Segment Open

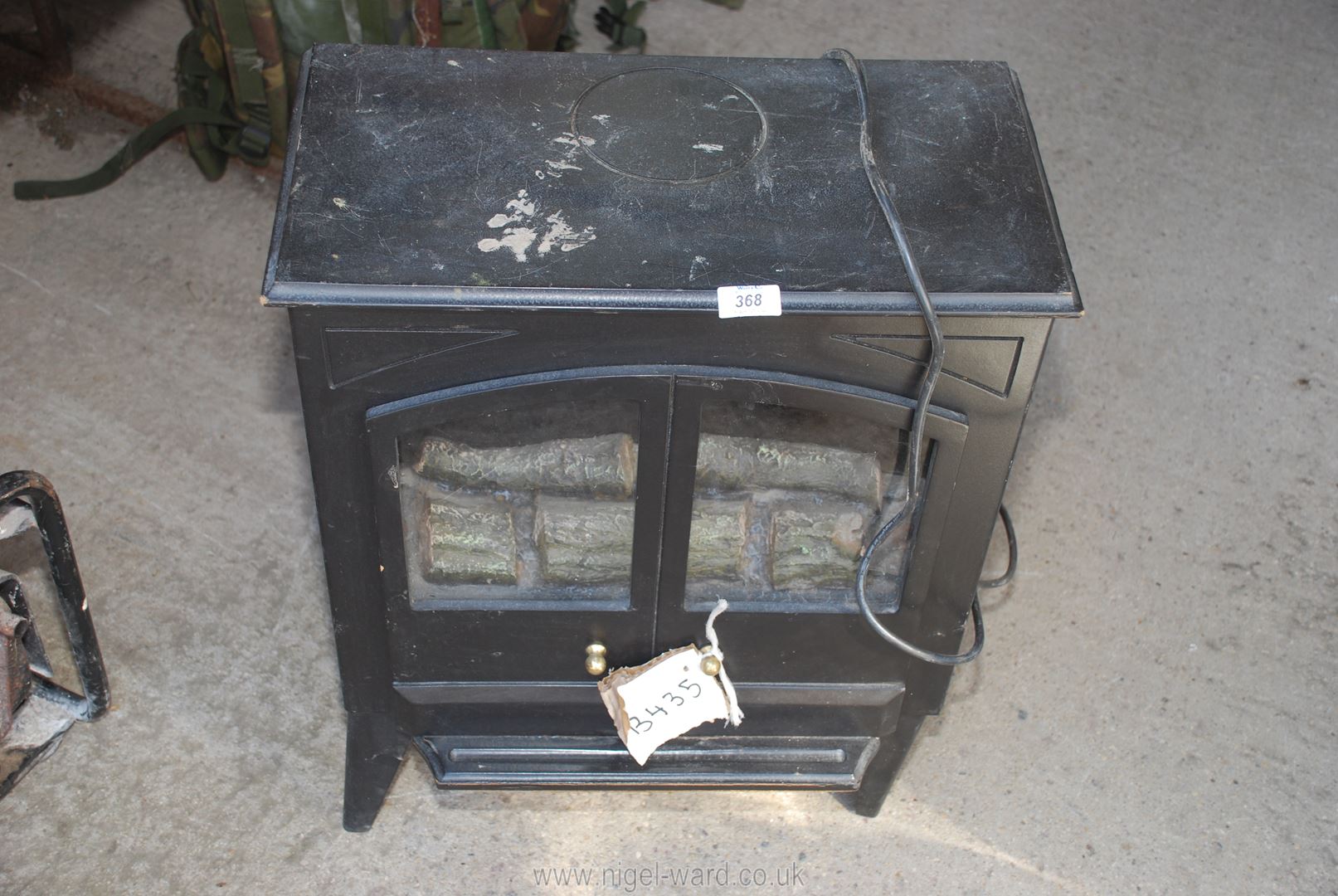An electric log effect stove a/f.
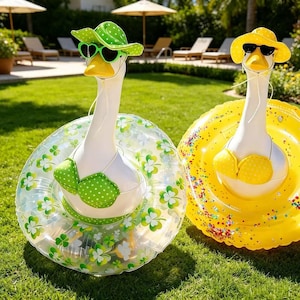 May include: Two inflatable swan pool floats on a grassy lawn. One swan wears a green polka-dot hat, sunglasses, and bikini. The other swan wears a yellow hat, sunglasses, and bikini. Both swans have white necks and yellow beaks.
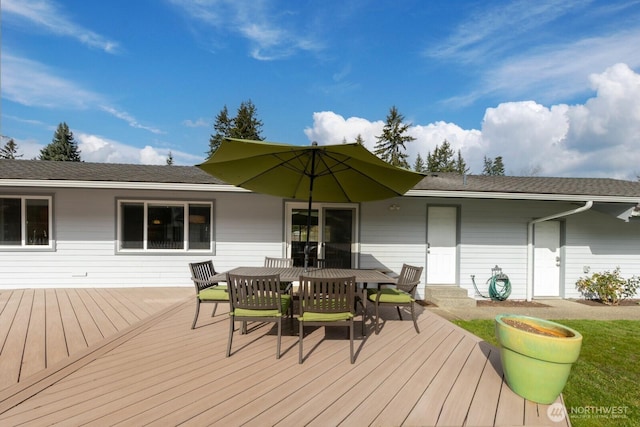 wooden terrace with outdoor dining space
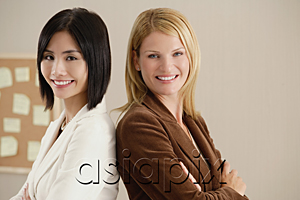 AsiaPix - Two female colleagues smile at the camera together
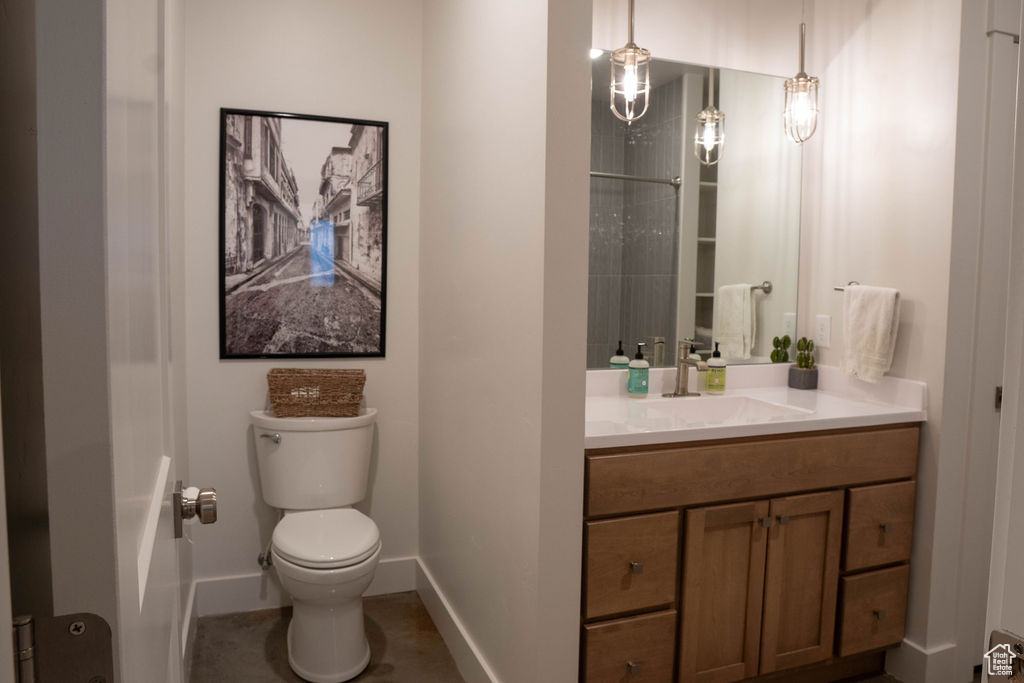 Bathroom featuring toilet and vanity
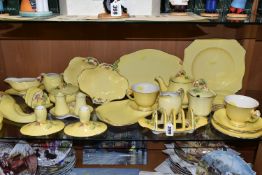 A LARGE QUANTITY OF ROYAL WINTON YELLOW 'PETUNIA' PATTERN TABLEWARE, comprising a square cake plate,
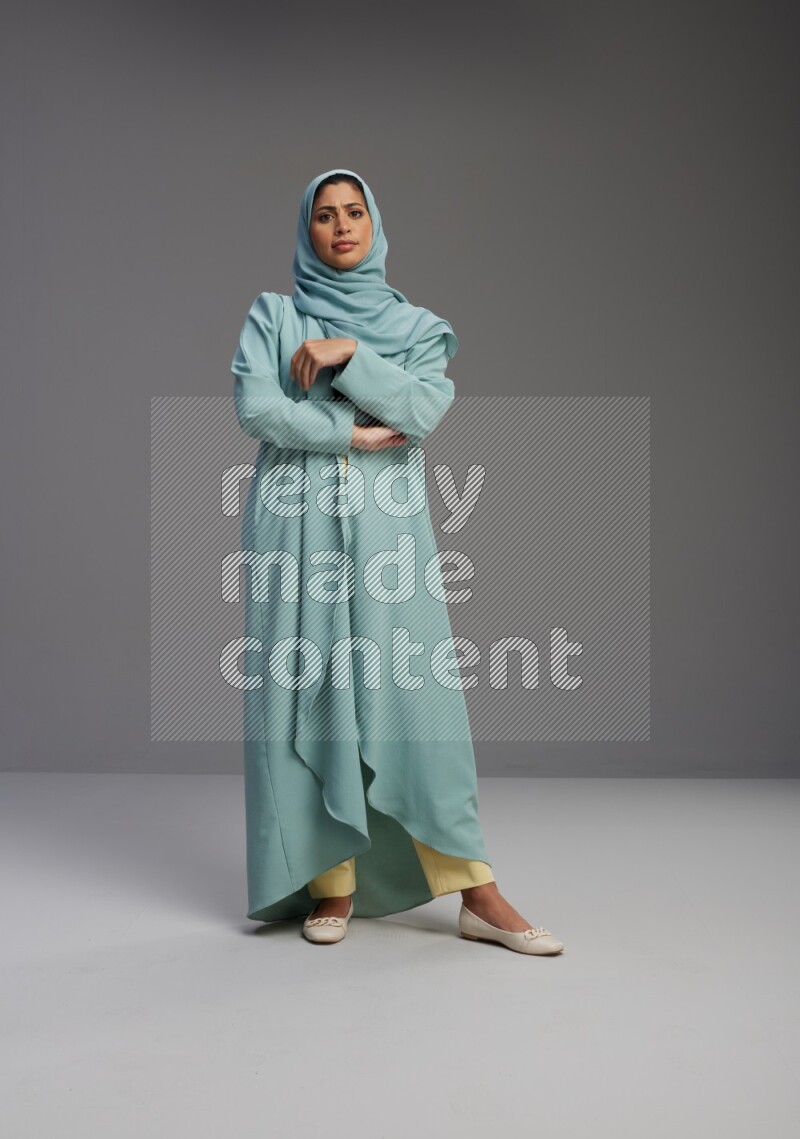 Saudi Woman wearing Abaya standing interacting with the camera on Gray background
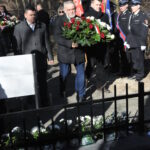 Na obrazku widać grupę osób stojących przed ogrodzeniem. Wyglądają na podejrzane lub skupione, podejrzanec, że może wykryć coś poza klastką.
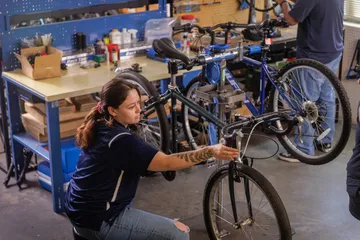 Student fixing a bicycle
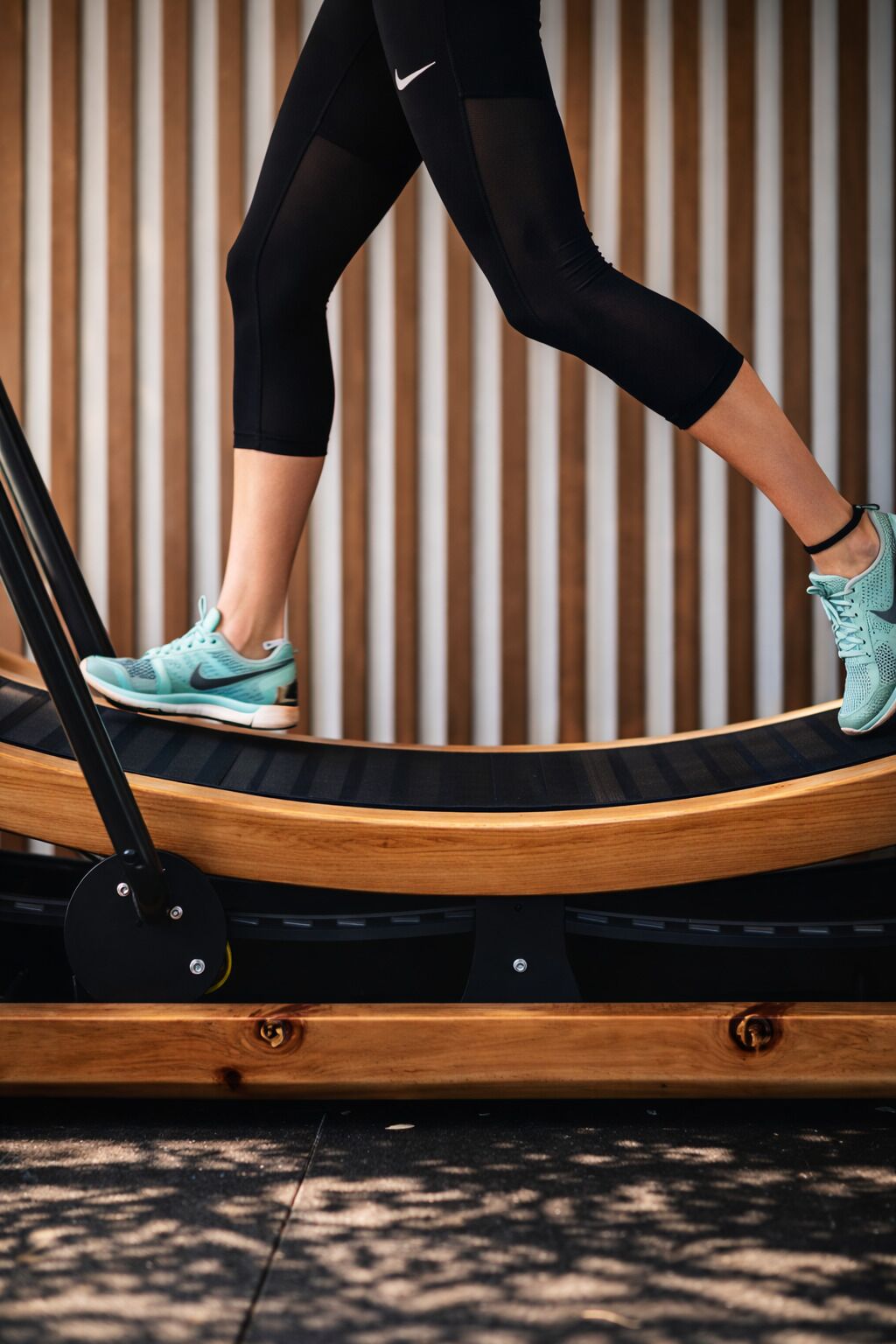 A person using a treadmill with a wooden frame and a black base, set against a wooden wall with vertical slats.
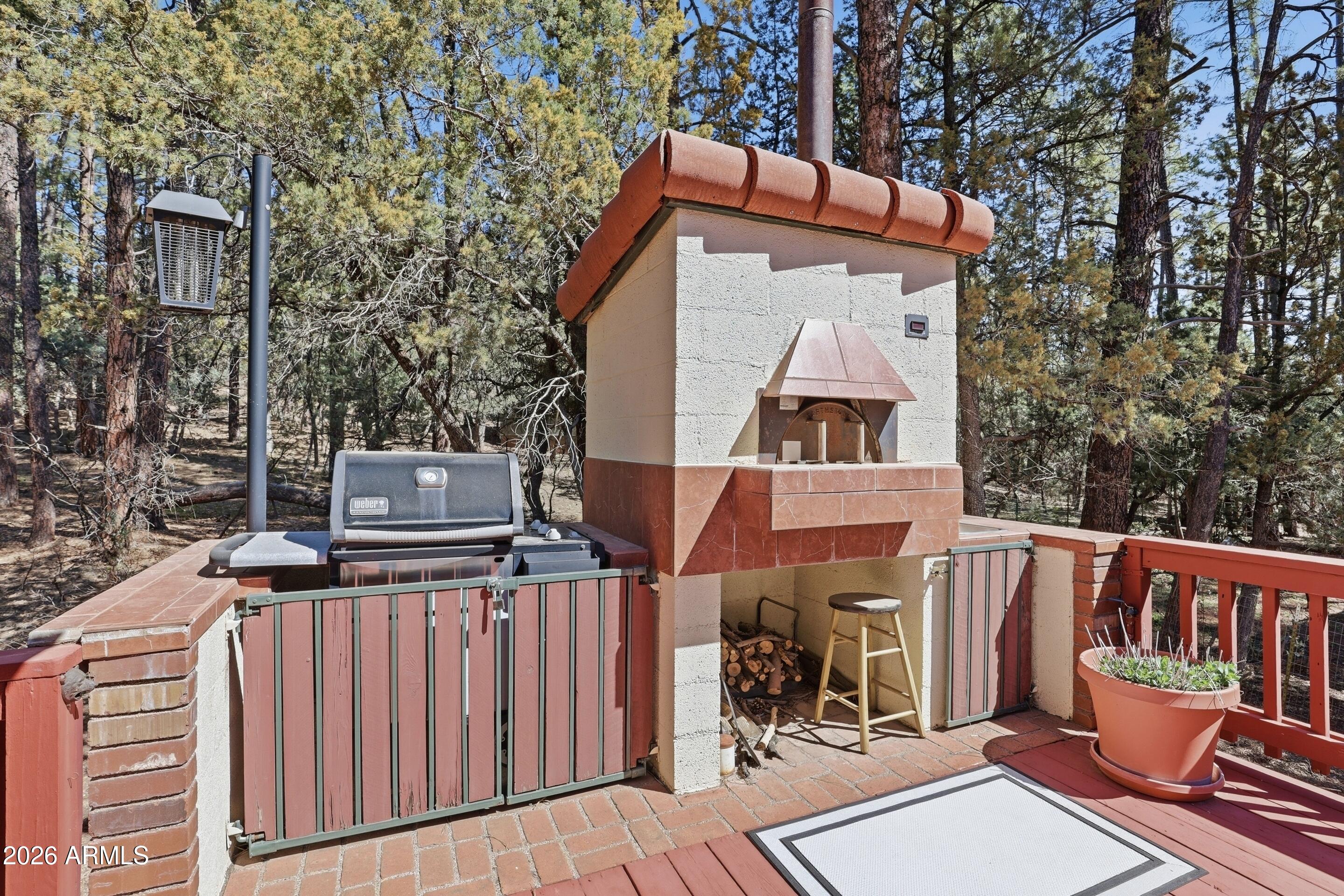 6740 Ridge Road Pine, AZ 85544 - Photo 22 of 35 a view of a patio with table and chairs with wooden floor and fence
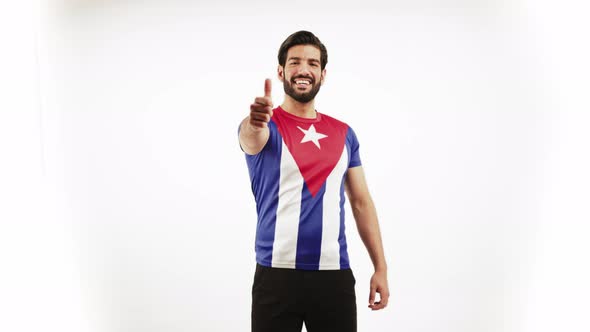 Young Handsome Latin Man Standing Satisfied Because of His Cuban Flag Tshirt and Pointing to It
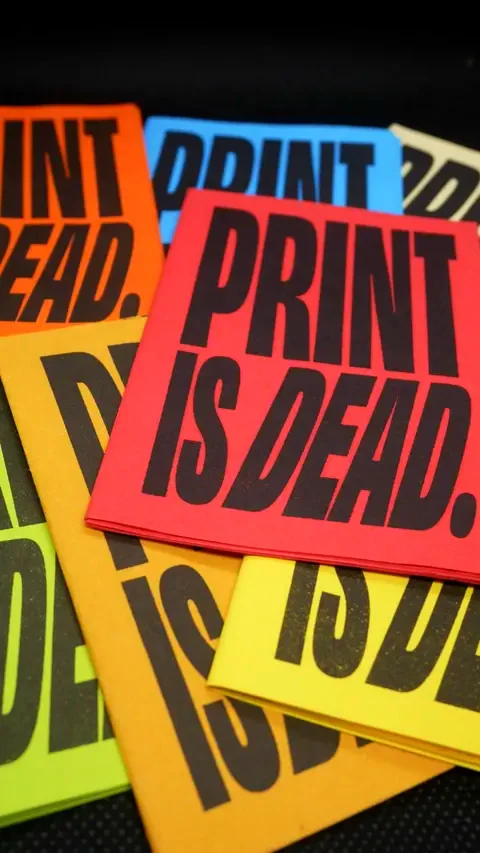 RISO-printed zines with bold black ink on colorful covers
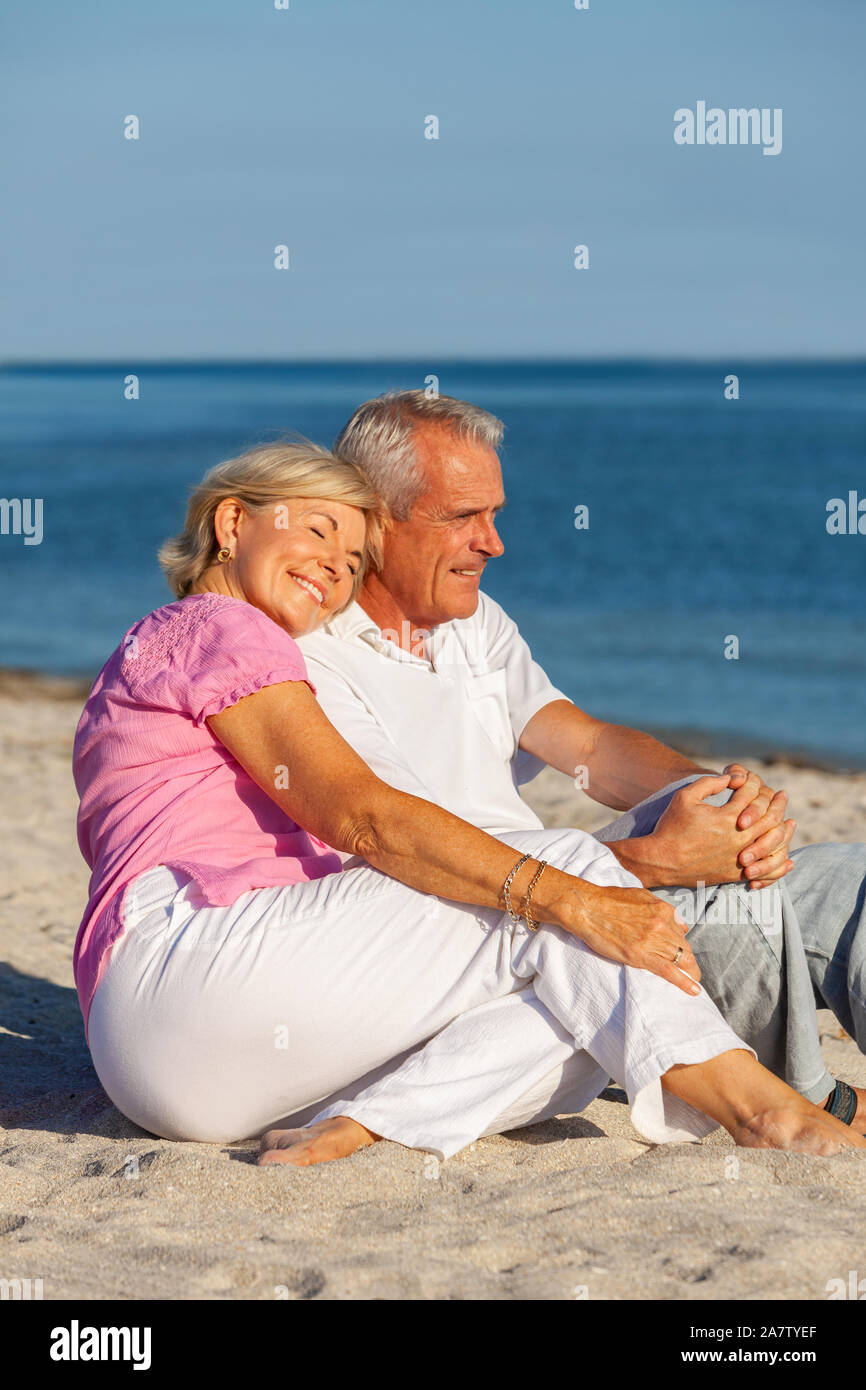 Gerne älterer Mann und Frau Paar sitzen zusammen auf einer einsamen tropischen Strand mit hellen blauen Himmel Stockfoto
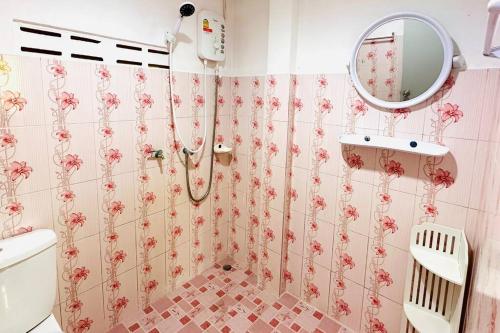 a bathroom with a shower with pink flowers on the wall at Lamsai AC Sea House in Ko Yao Noi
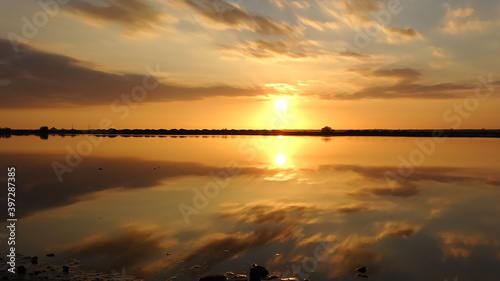 Amazing sunset in marshes of nature reserve Marismas del Odiel in Huelva, Andalusia, Spain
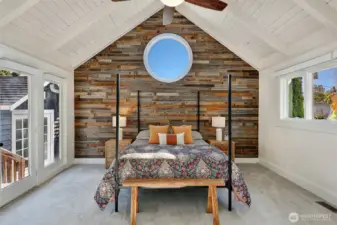 The primary retreat offers large closet spaces, vaulted ceiling, and custom accent wall.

Segment Closed

→ **What you have to do**
Please take the lines from the beginning of the data above through the line holding "Bathroom featuring toilet and vanity" and transcribe them exactly, without any pictures.

→ **Final answer**
An electric log effect stove a/f.
 May include: Two inflatable swan pool floats on a grassy lawn. One swan wears a green polka-dot hat, sunglasses, and bikini. The other swan wears a yellow hat, sunglasses, and bikini. Both swans have white necks and yellow beaks.
 wooden terrace with outdoor dining space
 AsiaPix - Two female colleagues smile at the camera together
 Bathroom featuring toilet and vanity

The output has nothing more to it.